Bislang sind solche Regional- oder Lokal­tarife allerdings sehr rar, denn es war schwer, sie sauber aufzusetzen. Der Königsweg war bisher die Beschaffung regionaler Ökostrommengen über die im Erneuerbare-Energien-Gesetz (EEG) eingeräumte „sonstige Direktvermarktung“. Hierfür mussten die Anlagenbetreiber auf die EEG-Vergütung verzichten, denn nur so konnten für die Strommengen Herkunftsnachweise ausgestellt werden. Der Energieversorger hatte dem Betreiber daher einen Preis auf dem Niveau der EEG-Vergütung zu zahlen, welche viele Jahre lang deutlich über dem Börsenstrompreis lag. Dem Energieversorger entstanden also deutlich höhere Beschaffungskosten als im gewöhnlichen Stromhandel. Entsprechend war solchen Tarifen, auch wenn es sie vereinzelt gab, immer ein Nischendasein vorbestimmt.

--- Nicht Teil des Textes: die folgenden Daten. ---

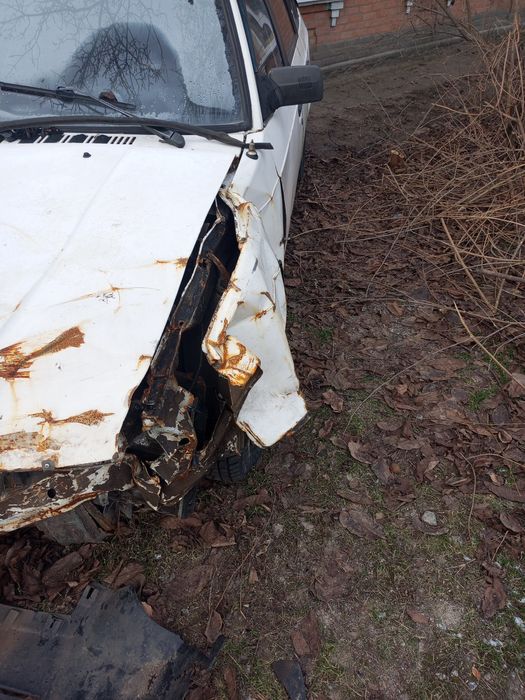 Москвич 2141 як донора,або під відновлення,цілком. На запчастини по тп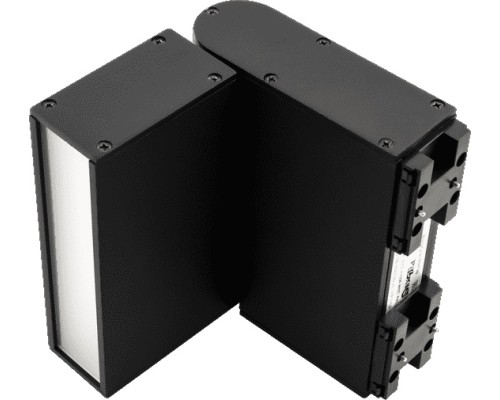 Трековый светильник SY SY-DIM-601252F-BL-10-WW SWG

Regionalnachweisregister gestartet

Am 1. Januar 2019 etablierte das vom Umwelt­bundesamt geführte Regionalnachweisregister einen neuen, einheitlichen Standard. Betreiber von Ökostromanlagen, die ihre Erzeugung über das sogenannte Marktprämienmodell vermarkten lassen – eine modernisierte Variante der EEG-­Vergütung –, können sich seitdem je Kilowattstunde einen Regional­nachweis ausstellen lassen. Der Regional­nachweis ist vertraglich an die Kilowattstunde gekoppelt, kann also nicht unabhängig von der Stromlieferung gehandelt werden.

Der Energieversorger bezieht hierbei vom Anlagenbetreiber die Strommengen sowie die dazu passenden Regionalnachweise. Mit den Nachweisen kann der Energieversorger in seiner Produkt-Stromkennzeichnung den ausgewiesenen EEG-Anteil („Erneuerbare Energien, finanziert aus der EEG-Umlage“) regionalisieren. Der EEG-­Anteil berechnet sich anhand der EEG-Umlage, die die Stromkunden des Energieversorgers im Vorjahr gezahlt haben. 2017 betrug dieser EEG-Stromanteil für Haushaltskundentarife rund 53 Prozent.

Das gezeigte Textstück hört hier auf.